Intel Falcon Shores slide with Raja Koduri
Intel is making a flurry of announcements today, such as revealing its first desktop Arc Alchemist graphics cards will arrive in the second quarter, and that it plans on shipping 4 million discrete GPUs by the end of the year. It's graphics strategy extends much further than the desktop, though, and all the way into supercomputers. In that realm, Intel today tipped its upcoming Falcon Shores architecture.

What exactly is Falcon Shores? We'll know the full details in time. For now, however, the interesting tidbit is that Falcon Shores will merge x86 CPU and Xe GPU hardware into a single Xeon socket.

"We are working on a brand new architecture codenamed Falcon Shores. Falcon Shores will bring x86 and Xe GPU acceleration together into a Xeon socket, taking advantage of next generation packaging, memory, and IO technologies, giving huge performance and efficiency improvements for systems computing large data sets and training gigantic AI models," said Raja Koduri, head of Intel's Accelerated Computing Systems and Graphics Group.

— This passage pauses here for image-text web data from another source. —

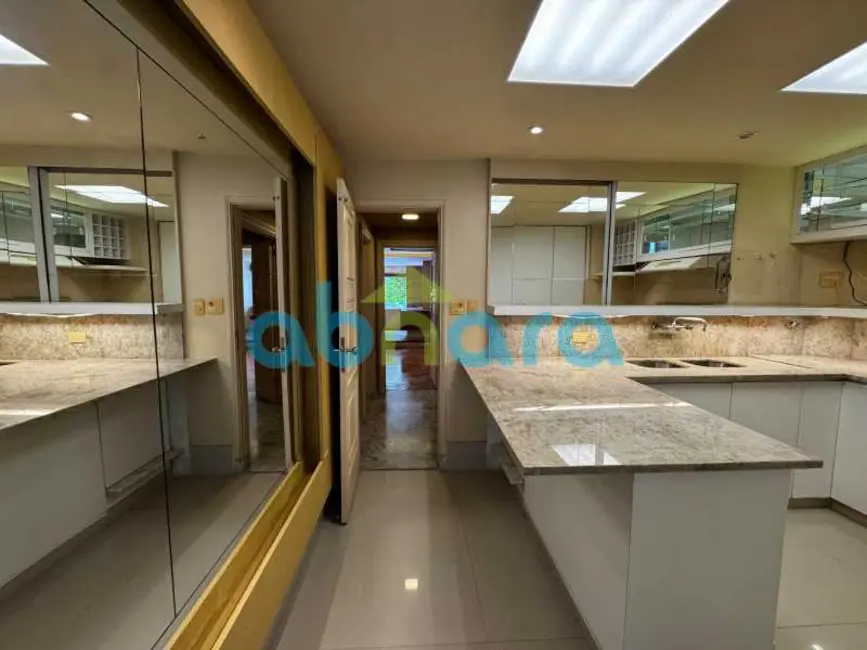 Apartamento com 4 quartos à venda, 190m2 em Rio De Janeiro - RJ - imagem 9 Foto 9 de Apartamento com 4 quartos à venda, 190m2 em Rio De Janeiro - RJ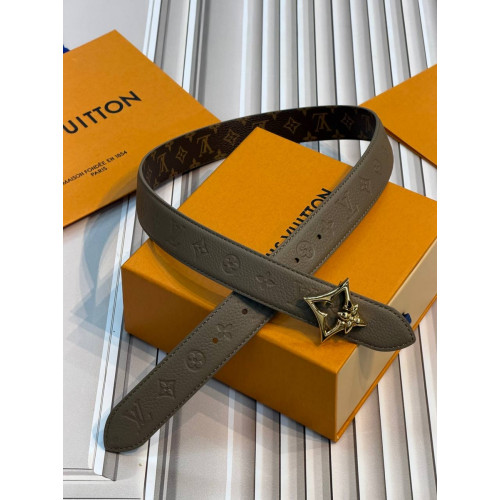 Ремень Louis Vuitton зеленого цвета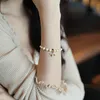 Link Chain 2022 Barock sötvatten Pearl Armband Retro Chic Little Bee Jewelry Personlighet Kvinnor Present Fawn22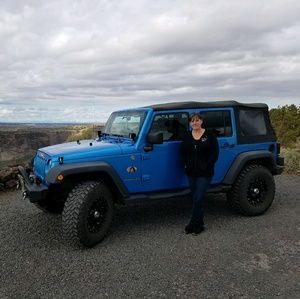 Meet your Posher, Cari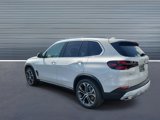 New 2026 BMW X5 sDrive40i image 4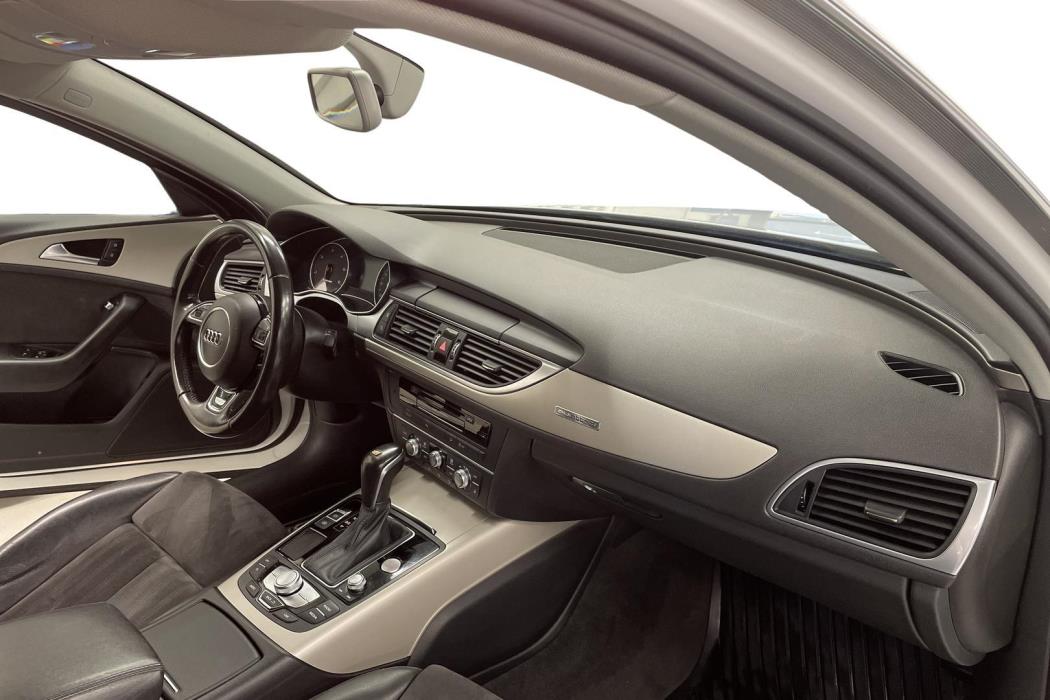 Audi A6 allroad quattro 2016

This is not the same thing as integrated graphics. By combining x86 CPU and Xe GPU resources in a single socket and moving to a unified memory architecture, Intel says it can achieve big gains, in part by way of what Koduri says is a vastly simplified GPU programming model. Intel is calling this solution and XPU.

Intel Falcon Shores performance slide

According to Koduri, Falcon Shores will deliver a better than 5x uplift in performance per watt, and the same goes for both compute density and memory capacity and bandwidth. This won't come just from combining x86 CPU and Xe GPU resources in a single Xeon socket, but also by way of an "impressive array of technologies" that underpin the architecture.

Those technologies include taking advantage of the angstrom era. Intel renamed its nodes last year, and the angstrom era starts with what it refers to as Intel 20A (preceded by Intel 3, Intel 4, Intel 7, and 10nm SuperFin). An angstrom, by the way, is equal to a unit of length of one hundred-millionth of a centimeter. According to what Intel revealed last year, Intel 20A will introduce a new RibbonFET transistor architecture and interconnect technologies.

Koduri also say Intel is developing new extreme bandwidth shared memory that will play into this, though he didn't elaborate.

"We are super excited about this architecture as it brings acceleration to a much broader range of workloads than the current discrete solutions," Koduri said.

This is all aimed at delivering revolutionary upgrades en route to enabling zetta-scale processing within the supercomputing segment by 2027. That represents a performance increase by a factor of 1,000x in just a few years. We'll have to wait until later for more details, though. In the meantime, Intel has posted a handful of breakout session videos as part of today's Investor Meeting event.